[Extracted records Boundary: Start]

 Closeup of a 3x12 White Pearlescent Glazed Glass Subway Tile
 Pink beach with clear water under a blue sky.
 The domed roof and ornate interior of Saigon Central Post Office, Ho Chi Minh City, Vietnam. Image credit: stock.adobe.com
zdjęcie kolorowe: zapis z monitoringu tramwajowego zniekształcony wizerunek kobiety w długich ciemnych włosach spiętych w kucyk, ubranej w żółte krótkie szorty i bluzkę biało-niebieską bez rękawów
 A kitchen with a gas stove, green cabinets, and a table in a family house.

[Extracted records Boundary: End]
[Extracted records Boundary: Start]

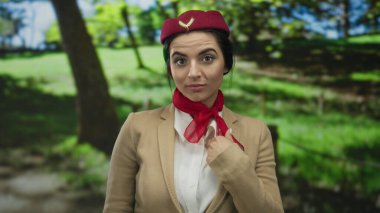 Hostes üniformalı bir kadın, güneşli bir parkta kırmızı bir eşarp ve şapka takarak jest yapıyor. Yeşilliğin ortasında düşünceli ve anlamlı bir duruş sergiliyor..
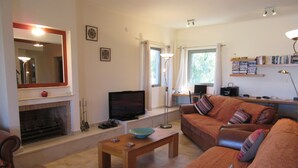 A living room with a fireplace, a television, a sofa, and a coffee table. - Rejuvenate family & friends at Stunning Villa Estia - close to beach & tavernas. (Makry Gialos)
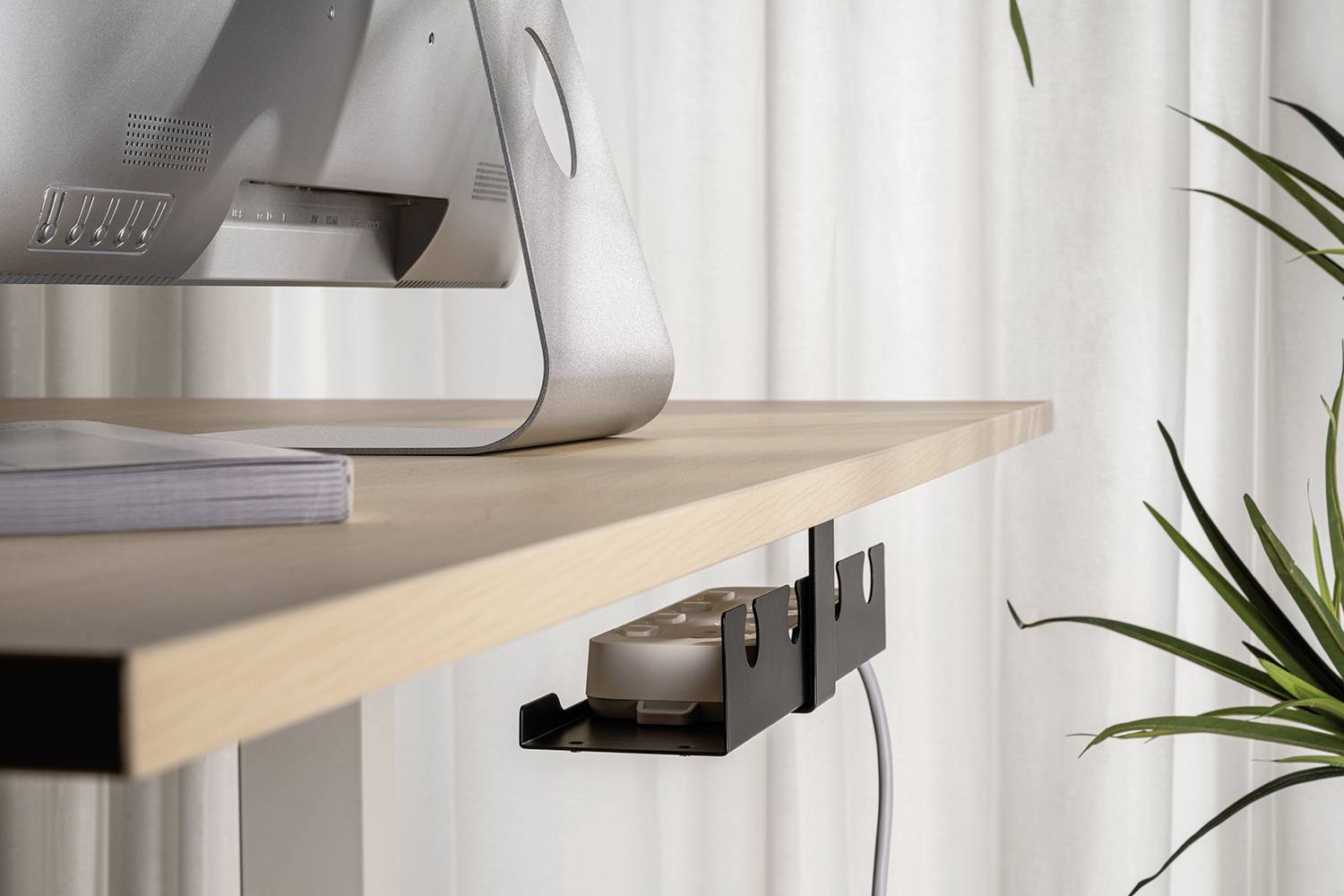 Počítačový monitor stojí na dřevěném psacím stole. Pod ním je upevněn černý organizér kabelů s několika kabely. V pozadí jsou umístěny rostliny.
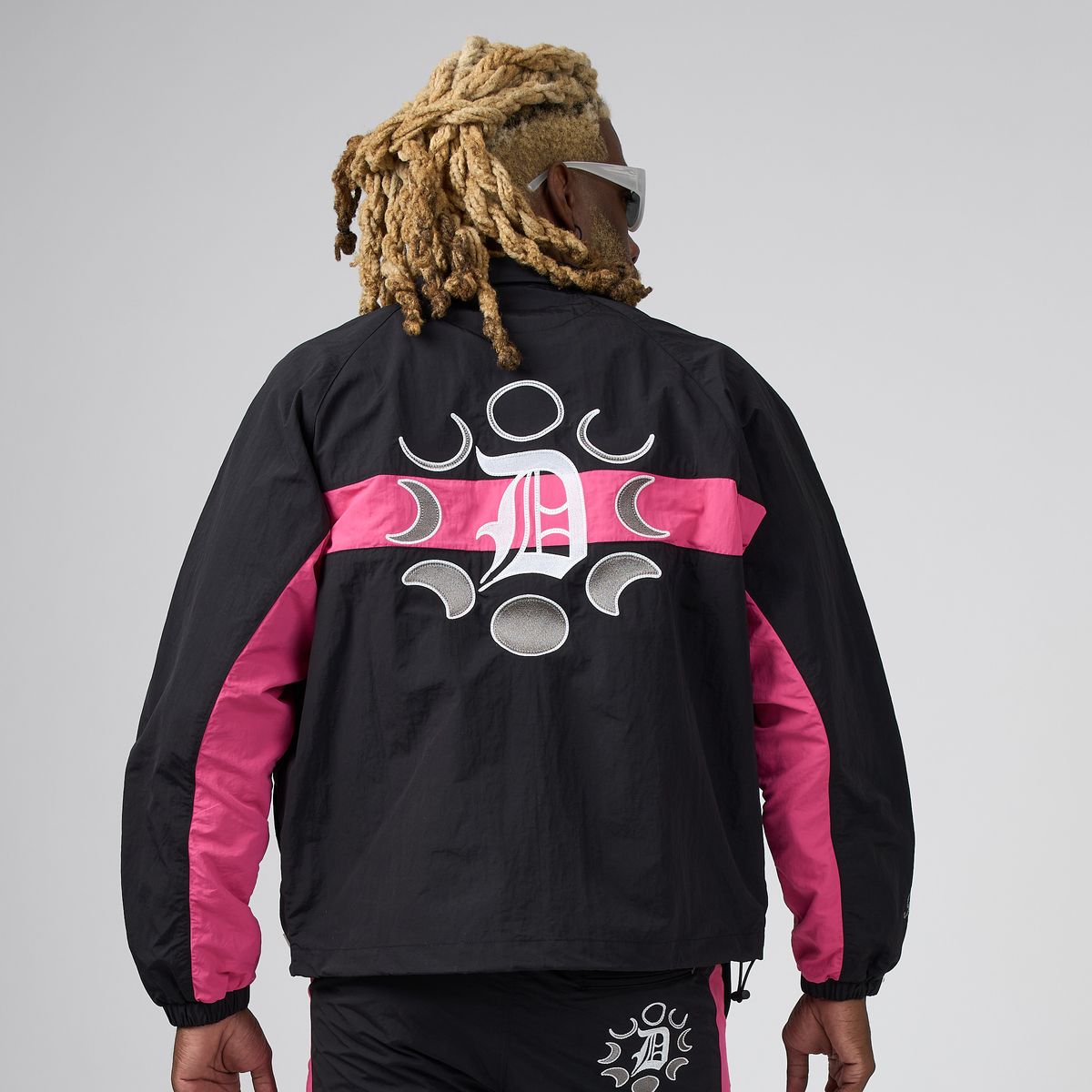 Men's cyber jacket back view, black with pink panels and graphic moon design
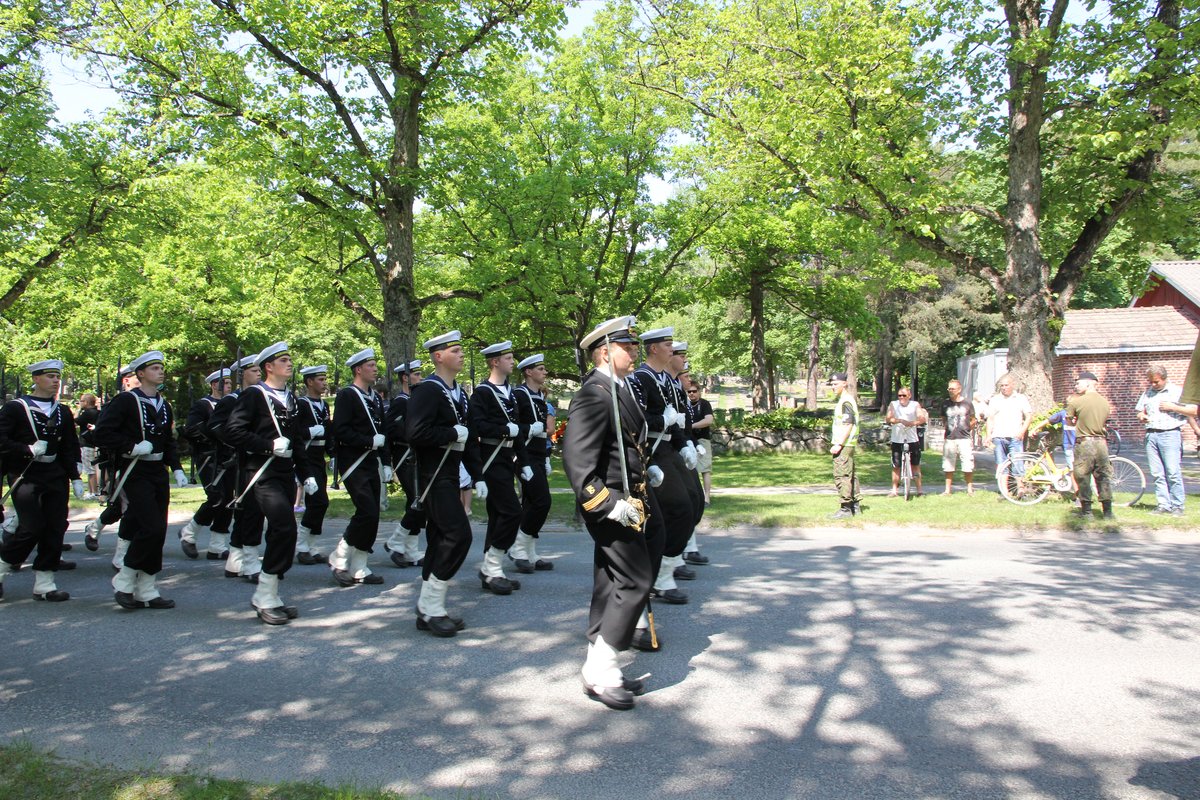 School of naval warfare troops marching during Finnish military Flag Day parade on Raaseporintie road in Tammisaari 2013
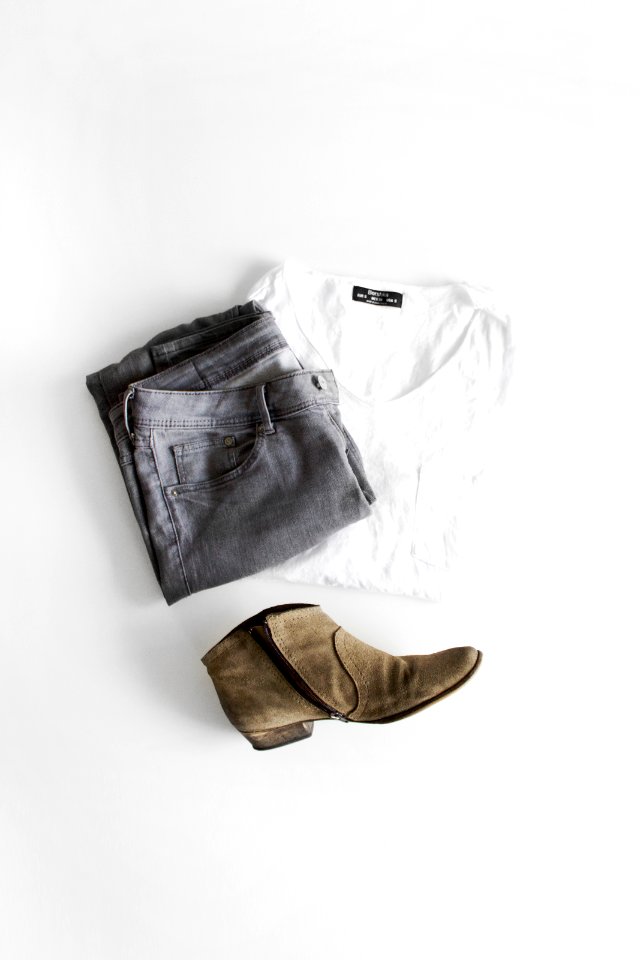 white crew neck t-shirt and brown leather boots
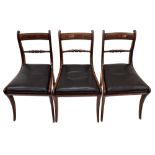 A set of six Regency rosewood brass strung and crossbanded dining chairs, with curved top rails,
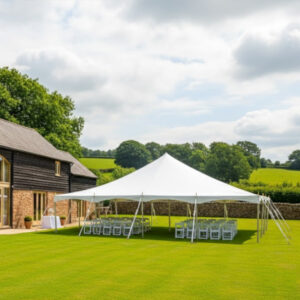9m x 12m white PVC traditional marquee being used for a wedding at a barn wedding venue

[Extracted records Boundary: End]

__Description of the task__: Looking at the listing above, which lines run from the one containing "A set of six" through the one containing "9m x 12m white"? Print exactly those, ends included, pictures excluded.

__Response below__:
 A set of six Regency rosewood brass strung and crossbanded dining chairs, with curved top rails,
9m x 12m white PVC traditional marquee being used for a wedding at a barn wedding venue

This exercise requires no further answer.